* **Problem description**
The answer must consist only of the lines from the line with "gebraucht Porsche 997" to the line with "Demon hunter tattoo wow Graphic T-Shirt", both included, exactly as they stand below.

Stored data entries:
=== Section Start ===
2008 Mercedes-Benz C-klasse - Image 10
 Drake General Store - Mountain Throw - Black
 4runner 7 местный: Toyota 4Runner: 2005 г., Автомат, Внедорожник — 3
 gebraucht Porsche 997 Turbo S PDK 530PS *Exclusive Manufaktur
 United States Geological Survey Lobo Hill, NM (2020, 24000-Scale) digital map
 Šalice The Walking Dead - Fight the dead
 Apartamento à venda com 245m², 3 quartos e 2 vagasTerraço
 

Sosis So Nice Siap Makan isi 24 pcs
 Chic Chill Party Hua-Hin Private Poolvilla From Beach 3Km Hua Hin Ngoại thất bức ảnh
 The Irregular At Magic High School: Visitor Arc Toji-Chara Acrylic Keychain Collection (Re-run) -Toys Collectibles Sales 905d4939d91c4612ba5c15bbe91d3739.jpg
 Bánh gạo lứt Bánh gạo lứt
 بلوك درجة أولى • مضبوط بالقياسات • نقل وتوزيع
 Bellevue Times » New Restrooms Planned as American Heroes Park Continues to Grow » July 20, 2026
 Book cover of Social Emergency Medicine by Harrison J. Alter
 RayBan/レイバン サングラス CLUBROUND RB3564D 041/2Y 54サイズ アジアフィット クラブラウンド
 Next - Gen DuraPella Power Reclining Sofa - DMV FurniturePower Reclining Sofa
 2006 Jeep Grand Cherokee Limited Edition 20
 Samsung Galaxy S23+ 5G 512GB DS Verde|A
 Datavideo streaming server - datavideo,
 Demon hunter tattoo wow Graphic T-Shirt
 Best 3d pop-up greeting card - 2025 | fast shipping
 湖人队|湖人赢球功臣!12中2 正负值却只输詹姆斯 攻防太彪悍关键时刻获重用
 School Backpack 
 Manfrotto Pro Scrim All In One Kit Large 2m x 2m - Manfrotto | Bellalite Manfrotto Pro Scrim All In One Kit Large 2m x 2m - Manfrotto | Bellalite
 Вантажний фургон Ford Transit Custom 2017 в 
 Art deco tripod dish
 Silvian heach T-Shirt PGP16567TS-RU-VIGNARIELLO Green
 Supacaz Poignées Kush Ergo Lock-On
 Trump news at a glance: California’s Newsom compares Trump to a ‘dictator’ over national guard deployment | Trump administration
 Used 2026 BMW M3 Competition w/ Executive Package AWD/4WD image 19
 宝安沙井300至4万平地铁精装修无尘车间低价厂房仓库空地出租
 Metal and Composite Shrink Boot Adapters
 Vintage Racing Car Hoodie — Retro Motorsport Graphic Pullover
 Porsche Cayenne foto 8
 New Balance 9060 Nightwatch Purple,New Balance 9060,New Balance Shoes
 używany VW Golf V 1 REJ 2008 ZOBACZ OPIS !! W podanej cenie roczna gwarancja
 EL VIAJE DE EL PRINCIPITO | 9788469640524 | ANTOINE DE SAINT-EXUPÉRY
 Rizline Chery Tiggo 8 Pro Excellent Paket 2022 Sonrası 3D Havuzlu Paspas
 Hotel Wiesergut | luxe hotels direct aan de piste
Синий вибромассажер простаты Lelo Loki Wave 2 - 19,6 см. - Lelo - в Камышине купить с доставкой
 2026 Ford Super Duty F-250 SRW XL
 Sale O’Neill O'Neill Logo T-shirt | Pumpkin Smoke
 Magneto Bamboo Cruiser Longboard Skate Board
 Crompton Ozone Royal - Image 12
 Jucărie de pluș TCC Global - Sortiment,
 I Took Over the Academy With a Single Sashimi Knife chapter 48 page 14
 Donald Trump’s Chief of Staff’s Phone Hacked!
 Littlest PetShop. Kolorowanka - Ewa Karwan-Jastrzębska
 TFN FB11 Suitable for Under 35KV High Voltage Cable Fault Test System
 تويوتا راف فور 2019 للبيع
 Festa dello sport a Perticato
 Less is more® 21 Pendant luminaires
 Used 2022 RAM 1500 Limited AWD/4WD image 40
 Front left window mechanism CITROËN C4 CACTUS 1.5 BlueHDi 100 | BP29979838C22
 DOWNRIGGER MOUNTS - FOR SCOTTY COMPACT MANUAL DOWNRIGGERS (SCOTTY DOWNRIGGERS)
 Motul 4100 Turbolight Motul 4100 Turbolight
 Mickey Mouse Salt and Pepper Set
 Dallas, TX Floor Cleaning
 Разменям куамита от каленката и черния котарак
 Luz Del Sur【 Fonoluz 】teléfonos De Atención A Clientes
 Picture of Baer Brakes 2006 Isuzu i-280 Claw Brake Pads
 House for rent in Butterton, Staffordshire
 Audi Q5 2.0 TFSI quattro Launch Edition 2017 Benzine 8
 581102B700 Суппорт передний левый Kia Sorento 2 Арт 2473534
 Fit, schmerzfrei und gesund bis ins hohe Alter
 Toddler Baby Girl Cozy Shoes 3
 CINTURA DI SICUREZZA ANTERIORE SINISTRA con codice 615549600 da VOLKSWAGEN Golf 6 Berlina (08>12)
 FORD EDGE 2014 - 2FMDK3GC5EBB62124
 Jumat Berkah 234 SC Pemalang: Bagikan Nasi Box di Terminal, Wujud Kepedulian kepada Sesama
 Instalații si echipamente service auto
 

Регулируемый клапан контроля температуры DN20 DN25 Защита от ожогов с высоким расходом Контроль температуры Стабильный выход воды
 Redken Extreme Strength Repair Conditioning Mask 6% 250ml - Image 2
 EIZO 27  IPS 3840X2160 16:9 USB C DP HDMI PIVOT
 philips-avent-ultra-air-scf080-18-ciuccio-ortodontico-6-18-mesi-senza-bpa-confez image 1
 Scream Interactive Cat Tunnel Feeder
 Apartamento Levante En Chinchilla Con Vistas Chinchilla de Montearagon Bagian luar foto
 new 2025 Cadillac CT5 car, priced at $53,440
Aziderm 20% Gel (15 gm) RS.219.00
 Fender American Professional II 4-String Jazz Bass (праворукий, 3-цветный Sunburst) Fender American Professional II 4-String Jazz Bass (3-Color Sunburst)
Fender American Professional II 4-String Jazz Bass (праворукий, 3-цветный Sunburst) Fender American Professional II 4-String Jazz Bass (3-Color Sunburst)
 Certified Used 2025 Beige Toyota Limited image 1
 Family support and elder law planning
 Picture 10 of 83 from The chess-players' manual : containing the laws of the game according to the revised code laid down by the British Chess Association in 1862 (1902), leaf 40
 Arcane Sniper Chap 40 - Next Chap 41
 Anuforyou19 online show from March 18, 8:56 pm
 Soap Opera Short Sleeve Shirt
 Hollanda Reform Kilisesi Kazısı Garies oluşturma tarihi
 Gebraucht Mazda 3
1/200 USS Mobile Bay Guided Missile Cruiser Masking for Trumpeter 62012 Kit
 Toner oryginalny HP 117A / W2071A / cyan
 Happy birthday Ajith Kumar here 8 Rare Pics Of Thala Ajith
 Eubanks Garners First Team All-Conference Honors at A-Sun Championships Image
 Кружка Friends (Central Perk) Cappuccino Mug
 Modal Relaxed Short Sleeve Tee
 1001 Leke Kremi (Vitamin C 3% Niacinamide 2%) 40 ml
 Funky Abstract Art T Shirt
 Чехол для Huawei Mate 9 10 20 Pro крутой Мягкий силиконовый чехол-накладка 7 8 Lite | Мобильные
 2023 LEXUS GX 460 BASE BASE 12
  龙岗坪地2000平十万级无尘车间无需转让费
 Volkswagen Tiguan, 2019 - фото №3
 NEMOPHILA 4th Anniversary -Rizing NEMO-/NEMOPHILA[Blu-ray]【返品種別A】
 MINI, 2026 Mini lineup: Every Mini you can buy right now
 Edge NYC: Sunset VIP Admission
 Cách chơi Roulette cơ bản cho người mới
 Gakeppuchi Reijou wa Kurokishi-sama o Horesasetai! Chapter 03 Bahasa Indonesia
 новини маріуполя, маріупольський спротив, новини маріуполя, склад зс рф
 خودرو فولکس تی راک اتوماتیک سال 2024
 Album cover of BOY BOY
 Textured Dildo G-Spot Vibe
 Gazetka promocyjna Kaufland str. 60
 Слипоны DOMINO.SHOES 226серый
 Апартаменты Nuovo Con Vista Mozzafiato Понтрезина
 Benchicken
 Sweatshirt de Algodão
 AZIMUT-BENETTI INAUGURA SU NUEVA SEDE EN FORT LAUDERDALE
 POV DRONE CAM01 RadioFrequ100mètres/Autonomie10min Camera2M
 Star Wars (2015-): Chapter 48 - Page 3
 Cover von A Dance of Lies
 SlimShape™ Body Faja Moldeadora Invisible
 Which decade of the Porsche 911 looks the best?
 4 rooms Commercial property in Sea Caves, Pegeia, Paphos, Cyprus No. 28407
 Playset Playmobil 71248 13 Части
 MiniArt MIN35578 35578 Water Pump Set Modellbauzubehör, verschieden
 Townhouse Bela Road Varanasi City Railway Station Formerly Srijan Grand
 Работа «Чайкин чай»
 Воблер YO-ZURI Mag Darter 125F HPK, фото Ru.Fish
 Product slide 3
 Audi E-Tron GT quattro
=== Section End ===
* **Your response**
 gebraucht Porsche 997 Turbo S PDK 530PS *Exclusive Manufaktur
 United States Geological Survey Lobo Hill, NM (2020, 24000-Scale) digital map
 Šalice The Walking Dead - Fight the dead
 Apartamento à venda com 245m², 3 quartos e 2 vagasTerraço
 

Sosis So Nice Siap Makan isi 24 pcs
 Chic Chill Party Hua-Hin Private Poolvilla From Beach 3Km Hua Hin Ngoại thất bức ảnh
 The Irregular At Magic High School: Visitor Arc Toji-Chara Acrylic Keychain Collection (Re-run) -Toys Collectibles Sales 905d4939d91c4612ba5c15bbe91d3739.jpg
 Bánh gạo lứt Bánh gạo lứt
 بلوك درجة أولى • مضبوط بالقياسات • نقل وتوزيع
 Bellevue Times » New Restrooms Planned as American Heroes Park Continues to Grow » July 20, 2026
 Book cover of Social Emergency Medicine by Harrison J. Alter
 RayBan/レイバン サングラス CLUBROUND RB3564D 041/2Y 54サイズ アジアフィット クラブラウンド
 Next - Gen DuraPella Power Reclining Sofa - DMV FurniturePower Reclining Sofa
 2006 Jeep Grand Cherokee Limited Edition 20
 Samsung Galaxy S23+ 5G 512GB DS Verde|A
 Datavideo streaming server - datavideo,
 Demon hunter tattoo wow Graphic T-Shirt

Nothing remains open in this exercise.